Only a number is wanted: the count of lines in this listing that contain "Double".

── Source records ──

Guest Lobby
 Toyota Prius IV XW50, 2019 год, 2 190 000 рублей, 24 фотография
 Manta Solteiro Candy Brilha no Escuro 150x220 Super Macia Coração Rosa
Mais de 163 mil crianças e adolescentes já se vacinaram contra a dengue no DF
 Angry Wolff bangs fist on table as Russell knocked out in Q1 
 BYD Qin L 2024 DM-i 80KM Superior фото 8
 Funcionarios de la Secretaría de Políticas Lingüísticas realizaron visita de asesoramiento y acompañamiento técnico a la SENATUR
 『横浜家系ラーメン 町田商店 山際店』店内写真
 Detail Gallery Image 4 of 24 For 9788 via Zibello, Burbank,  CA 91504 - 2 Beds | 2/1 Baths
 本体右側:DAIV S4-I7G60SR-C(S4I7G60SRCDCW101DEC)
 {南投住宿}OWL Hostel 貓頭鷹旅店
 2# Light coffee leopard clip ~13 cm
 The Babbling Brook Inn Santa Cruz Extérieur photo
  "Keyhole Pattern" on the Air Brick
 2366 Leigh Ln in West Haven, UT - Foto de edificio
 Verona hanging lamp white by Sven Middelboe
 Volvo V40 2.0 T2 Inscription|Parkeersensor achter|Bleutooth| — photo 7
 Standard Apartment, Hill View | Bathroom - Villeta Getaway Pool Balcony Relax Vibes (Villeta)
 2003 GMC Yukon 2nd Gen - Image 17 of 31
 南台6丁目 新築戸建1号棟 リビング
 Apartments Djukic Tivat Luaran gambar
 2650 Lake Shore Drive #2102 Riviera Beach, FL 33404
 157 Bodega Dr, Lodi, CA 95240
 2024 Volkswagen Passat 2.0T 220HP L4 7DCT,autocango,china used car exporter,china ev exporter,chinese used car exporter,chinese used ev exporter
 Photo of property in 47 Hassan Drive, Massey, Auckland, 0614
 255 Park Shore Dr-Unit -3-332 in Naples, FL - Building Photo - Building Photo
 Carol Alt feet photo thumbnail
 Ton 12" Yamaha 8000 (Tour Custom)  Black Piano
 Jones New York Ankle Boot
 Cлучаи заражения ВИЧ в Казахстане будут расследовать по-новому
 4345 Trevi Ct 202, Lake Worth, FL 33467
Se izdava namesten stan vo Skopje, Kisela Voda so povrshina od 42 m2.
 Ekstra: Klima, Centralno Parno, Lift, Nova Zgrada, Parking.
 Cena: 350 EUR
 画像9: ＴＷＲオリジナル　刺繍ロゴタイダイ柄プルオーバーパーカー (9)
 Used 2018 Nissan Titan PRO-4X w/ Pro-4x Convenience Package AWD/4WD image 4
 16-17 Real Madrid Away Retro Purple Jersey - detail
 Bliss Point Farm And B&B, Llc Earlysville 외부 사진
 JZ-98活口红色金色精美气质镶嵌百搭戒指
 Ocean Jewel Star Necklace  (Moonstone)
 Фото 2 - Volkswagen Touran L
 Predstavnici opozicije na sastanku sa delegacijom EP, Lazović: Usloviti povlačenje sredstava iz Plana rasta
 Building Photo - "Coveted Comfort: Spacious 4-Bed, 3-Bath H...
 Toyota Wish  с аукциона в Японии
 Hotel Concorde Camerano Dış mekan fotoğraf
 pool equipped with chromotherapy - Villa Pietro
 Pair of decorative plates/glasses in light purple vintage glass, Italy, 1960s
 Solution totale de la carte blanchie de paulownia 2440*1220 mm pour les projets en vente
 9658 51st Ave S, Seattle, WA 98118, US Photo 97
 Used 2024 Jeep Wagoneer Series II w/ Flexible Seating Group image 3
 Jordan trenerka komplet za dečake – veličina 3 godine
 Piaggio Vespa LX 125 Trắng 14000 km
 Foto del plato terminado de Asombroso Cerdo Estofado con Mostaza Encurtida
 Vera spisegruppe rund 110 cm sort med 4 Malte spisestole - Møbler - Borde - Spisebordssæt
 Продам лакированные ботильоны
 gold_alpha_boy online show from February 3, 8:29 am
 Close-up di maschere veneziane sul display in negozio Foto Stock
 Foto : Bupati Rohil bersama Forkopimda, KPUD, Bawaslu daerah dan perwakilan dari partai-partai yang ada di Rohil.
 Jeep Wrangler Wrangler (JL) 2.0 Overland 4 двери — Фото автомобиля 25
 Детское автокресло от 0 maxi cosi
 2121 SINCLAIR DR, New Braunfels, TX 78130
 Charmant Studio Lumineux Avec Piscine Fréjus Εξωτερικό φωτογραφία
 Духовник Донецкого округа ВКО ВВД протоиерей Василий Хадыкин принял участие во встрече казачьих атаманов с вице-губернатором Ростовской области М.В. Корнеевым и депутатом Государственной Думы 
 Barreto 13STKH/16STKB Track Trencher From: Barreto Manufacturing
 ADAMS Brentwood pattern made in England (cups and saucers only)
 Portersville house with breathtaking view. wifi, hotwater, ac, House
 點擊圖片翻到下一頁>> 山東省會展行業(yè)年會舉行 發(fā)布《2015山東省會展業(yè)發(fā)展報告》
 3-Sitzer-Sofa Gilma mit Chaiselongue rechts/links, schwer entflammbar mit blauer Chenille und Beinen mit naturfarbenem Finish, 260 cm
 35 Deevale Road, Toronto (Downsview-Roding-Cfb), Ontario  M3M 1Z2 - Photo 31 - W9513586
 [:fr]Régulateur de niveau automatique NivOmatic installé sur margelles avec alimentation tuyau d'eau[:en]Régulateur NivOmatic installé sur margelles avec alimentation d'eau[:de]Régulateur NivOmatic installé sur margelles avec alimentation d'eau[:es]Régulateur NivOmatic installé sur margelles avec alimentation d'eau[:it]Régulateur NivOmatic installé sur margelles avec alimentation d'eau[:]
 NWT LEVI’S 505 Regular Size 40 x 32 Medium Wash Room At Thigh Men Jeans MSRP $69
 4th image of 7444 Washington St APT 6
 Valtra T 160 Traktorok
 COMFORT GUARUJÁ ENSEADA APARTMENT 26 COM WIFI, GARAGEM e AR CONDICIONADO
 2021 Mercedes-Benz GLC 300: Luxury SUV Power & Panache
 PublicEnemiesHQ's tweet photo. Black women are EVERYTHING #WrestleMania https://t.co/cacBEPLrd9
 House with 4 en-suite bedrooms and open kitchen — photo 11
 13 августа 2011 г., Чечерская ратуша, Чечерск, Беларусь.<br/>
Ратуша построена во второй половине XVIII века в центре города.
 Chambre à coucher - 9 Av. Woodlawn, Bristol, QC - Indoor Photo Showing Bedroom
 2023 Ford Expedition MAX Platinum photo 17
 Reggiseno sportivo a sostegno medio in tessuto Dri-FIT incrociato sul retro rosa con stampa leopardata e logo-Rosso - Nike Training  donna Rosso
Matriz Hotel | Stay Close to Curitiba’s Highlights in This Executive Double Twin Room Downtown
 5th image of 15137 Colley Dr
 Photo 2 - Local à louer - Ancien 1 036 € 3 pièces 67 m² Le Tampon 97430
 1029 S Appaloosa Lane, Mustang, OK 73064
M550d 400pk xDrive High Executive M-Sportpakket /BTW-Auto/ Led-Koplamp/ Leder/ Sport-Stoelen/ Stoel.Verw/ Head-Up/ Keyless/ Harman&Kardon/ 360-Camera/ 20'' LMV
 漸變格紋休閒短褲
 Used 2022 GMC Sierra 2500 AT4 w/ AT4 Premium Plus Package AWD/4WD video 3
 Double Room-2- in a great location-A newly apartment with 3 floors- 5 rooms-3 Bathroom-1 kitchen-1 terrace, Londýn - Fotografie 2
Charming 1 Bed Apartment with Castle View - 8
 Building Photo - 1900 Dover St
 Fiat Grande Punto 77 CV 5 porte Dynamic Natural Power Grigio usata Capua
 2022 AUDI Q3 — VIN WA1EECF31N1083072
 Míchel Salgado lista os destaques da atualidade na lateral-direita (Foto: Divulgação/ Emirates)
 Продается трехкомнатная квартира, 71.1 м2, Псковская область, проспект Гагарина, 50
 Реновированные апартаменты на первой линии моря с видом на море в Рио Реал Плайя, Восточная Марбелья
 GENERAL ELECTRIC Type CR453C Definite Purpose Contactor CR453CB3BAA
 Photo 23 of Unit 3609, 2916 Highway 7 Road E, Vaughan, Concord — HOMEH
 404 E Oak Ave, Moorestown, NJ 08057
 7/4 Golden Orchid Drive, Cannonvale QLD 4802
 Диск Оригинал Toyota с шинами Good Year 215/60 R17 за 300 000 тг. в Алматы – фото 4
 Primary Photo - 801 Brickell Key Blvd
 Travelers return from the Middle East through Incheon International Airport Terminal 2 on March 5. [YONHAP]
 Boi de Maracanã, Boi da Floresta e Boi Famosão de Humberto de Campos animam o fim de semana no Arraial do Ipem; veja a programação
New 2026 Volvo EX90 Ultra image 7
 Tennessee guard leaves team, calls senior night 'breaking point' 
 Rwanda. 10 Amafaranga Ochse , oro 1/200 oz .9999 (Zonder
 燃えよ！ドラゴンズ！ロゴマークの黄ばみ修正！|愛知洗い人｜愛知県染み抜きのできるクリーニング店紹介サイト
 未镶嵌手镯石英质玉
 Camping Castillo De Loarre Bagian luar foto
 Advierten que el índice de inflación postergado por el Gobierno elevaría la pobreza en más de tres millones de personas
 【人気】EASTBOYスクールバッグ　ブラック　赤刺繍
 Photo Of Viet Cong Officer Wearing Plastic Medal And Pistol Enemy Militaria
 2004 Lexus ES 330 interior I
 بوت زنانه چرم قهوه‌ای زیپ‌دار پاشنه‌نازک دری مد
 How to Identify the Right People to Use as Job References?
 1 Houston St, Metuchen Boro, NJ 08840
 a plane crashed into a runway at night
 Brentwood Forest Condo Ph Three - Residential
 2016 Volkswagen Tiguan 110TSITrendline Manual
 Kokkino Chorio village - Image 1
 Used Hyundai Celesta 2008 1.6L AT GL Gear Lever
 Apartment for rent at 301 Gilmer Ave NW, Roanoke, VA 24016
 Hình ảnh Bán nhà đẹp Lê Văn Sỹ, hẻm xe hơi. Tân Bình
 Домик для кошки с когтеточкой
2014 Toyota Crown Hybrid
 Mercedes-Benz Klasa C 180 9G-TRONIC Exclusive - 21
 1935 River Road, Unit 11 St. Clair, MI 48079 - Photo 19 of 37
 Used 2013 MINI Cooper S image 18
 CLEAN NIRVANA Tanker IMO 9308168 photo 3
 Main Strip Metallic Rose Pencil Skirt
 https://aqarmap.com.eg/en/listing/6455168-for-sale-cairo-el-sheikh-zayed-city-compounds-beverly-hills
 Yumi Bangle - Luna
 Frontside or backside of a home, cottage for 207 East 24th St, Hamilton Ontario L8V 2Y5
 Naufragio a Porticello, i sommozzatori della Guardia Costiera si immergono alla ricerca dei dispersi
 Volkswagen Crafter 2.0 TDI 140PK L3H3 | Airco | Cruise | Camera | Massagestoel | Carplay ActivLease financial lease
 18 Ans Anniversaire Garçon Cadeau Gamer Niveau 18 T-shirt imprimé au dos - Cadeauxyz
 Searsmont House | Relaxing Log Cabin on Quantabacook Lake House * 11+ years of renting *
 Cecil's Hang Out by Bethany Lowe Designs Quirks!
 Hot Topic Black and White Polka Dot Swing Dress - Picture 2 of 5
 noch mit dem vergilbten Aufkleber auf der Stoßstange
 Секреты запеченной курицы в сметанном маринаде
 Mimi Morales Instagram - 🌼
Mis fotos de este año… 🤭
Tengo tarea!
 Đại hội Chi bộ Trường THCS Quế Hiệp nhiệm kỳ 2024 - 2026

───

## Result of the exercise
2